![]() | ダンタリアンの書架5 (角川スニーカー文庫) 三雲岳斗 角川書店(角川グループパブリッシング) 2010-05-01 by G-Tools |
幽霊列車の記事を新聞で見つけたダリアンとヒューイ。貨物専用のはずの路線にあらわれた特別急行。飛び乗ったダリアンたちは、車内で幼い少女と出会う! 謎の鍵を握るのは一冊の時刻表? 人気シリーズ第5巻!
人は揚げパンのみにて生きる
人の欲望に応え、不思議な力を発揮する悪魔の本が巻き起こす事件を追う少女と青年の物語。
◆第一話 時刻表
小さな子供と背の高さで張り合うダリアンが可愛いすぎてニヤニヤしちまう!
かつて危機を前に職務を放棄して逃げてしまった己の行動を悔やみ、幻書の力を借りて過去を変えられはしたものの、そのために払った代償は大きかったですね。
ただ、幻書を使わずにずっと後悔し続ける人生を送るよりは、彼はあれで幸せだったのかも。
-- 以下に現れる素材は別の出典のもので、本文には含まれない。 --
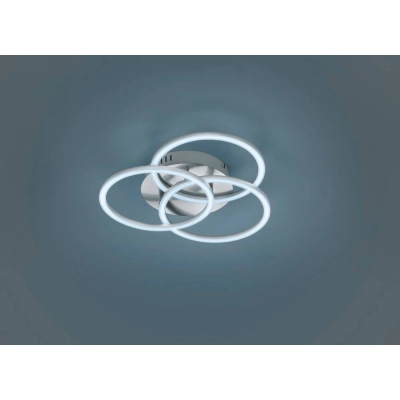 lafabryka.pl Lampa sufitowa LED nikiel CIRCLE R62823107 TRIO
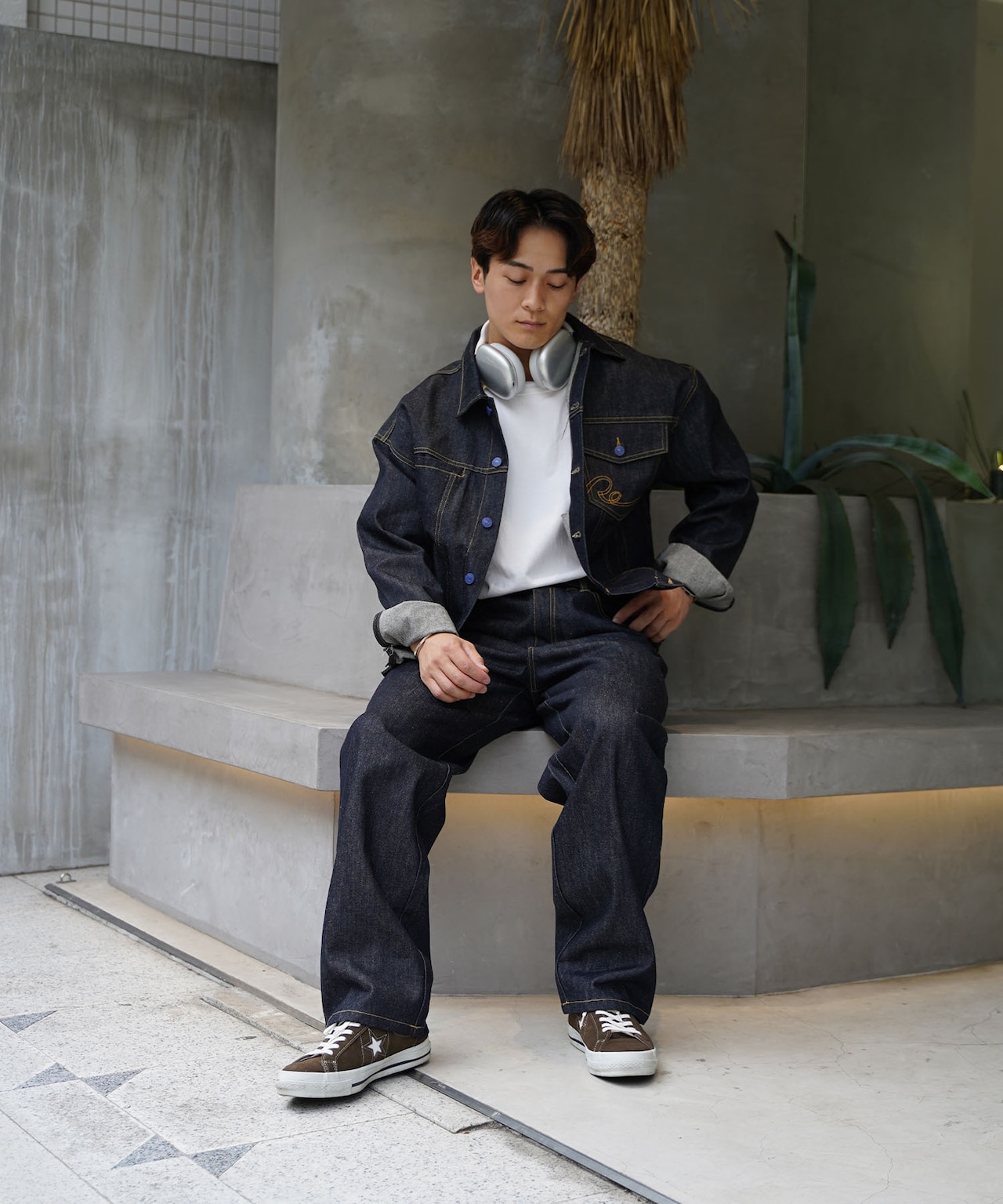 【#Re:room】VINTAGE WIDE DENIM PANTS［REP230］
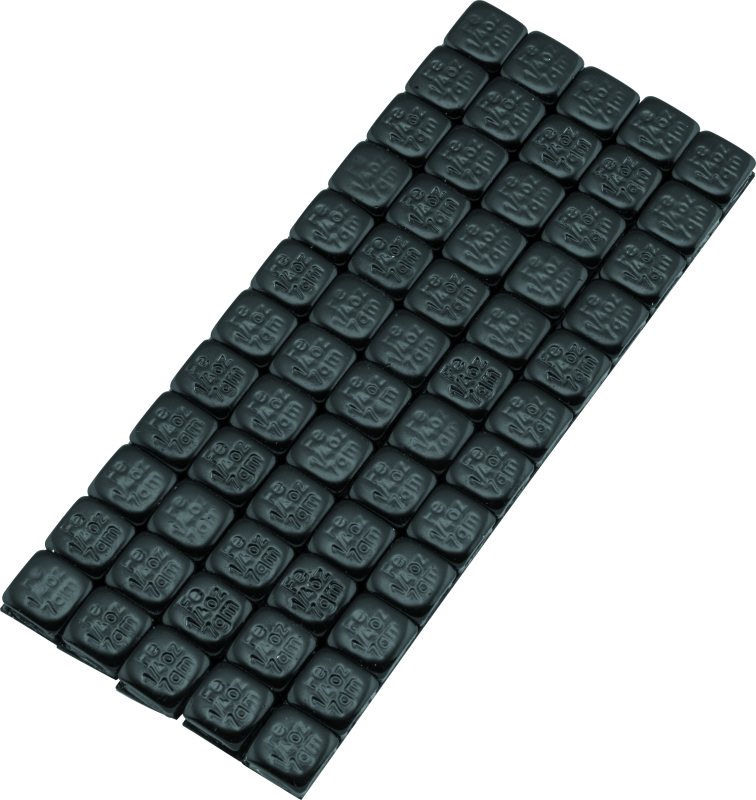 BikeMaster Square Wheel Weights Adhesive 1/4oz - Black BikeMaster Wheel Accessories  AXOPROS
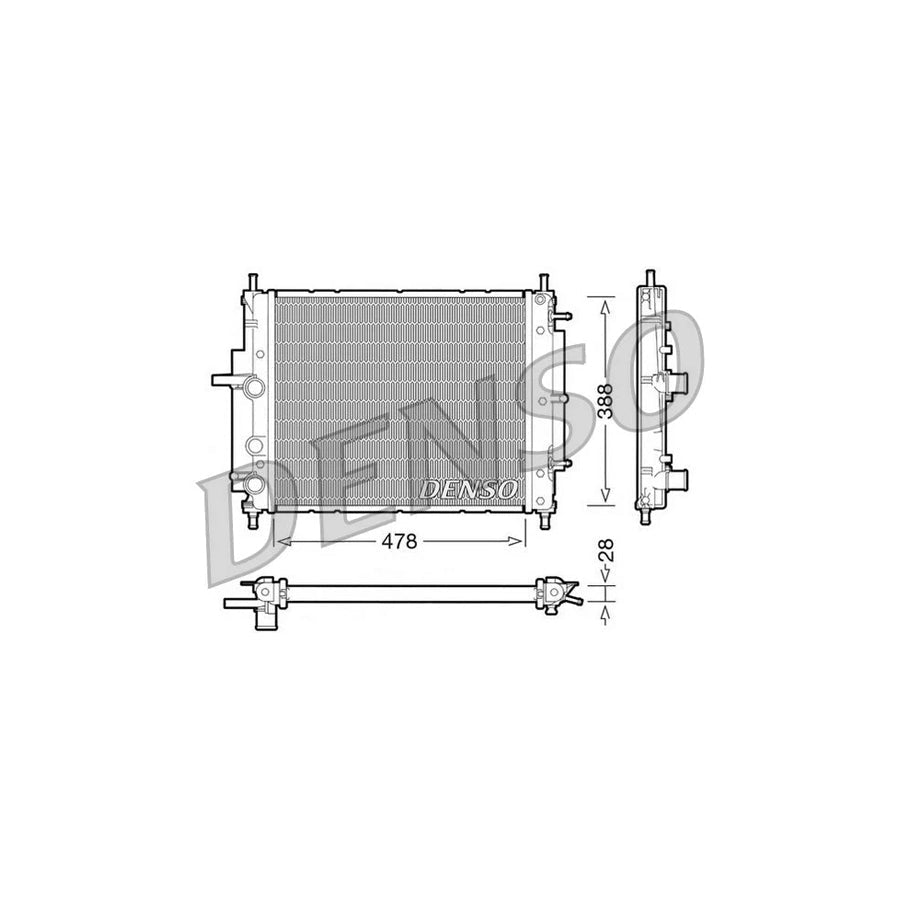 DENSO DRM09032 Engine Radiator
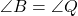 \angle B = \angle Q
悲劇の代わりに、彼の名はあの街と人々の記憶に永遠に残るのでしょう。
◆断章一 水辺の花
「この世で最も危険な動物」という注意書きの置かれた檻のある動物園の話を思い出した。
とりあえず、それは本か?という疑問が。
◆第二話 猫と読姫
猫とダリアンなんて、最高の組み合わせじゃないか! 萌えすぎて身悶えた。
ダリアン自身が、猫みたいな子ですからね。こちらから構うと嫌がるくせに無視してると寄ってくる。
夢の話はちょっとSFだったけど、その猫がヒューイに拾われたのも何かしらの運命だったのかしら。
◆断章二 愚者の本
常に作者の思惑とは別に読者は作品を読み取る、という小説家としての苦悩を表しているのかな。
読者の受け取り方なんて、作者がいちいち気にしなくていいと思いますがね。
◆第三話 航海日誌
大根娘再登場! すっかりダリアンにいじられるアホな娘で定着しちゃいました。
ロールプレイングは自分からする分には楽しいけれど、こうやって強制的に役割を押し付けられて、終わりも見えずに延々と演じなければならないとなると、ただの苦痛にしかならないでしょうね。
毒舌を吐きつつもジェシカを思いやるダリアンがよかった。
◆断章三 観測者
1日1頁でも、最後まで読んだら死んでしまうのであれば、約束を守ったところでいつかは……。
というか、観測できるだけじゃなく本から飛び出てくるんですか?
◆第四話 つながりの書
焚書組に続き、幻稿組との遭遇ですが、顔を合わせた途端に低レベルな口喧嘩をおっ始めるロリっ子たちの姿に、こういうのを待ってましたと歓喜の俺。読姫たちはやっぱり仲悪いんだなぁ。
しかし、この時代にダリアンとヒューイの口からネットワークだの、ノードだのというIT用語が出てくることに違和感を禁じえない。よくもまあグリッドコンピューティングなんて推理に結びつきましたね。
帝国(ライヒ)という言葉から、教授は未来からきたナチス信奉者かなにかだろうか……。
コミカライズ、おめでとうございます。しかも二誌で。これでダリアンの可愛さが2倍味わえる!
早く読みたくてたまらないのですが、単行本になるまでは我慢して揚げパンを食べて待ってる。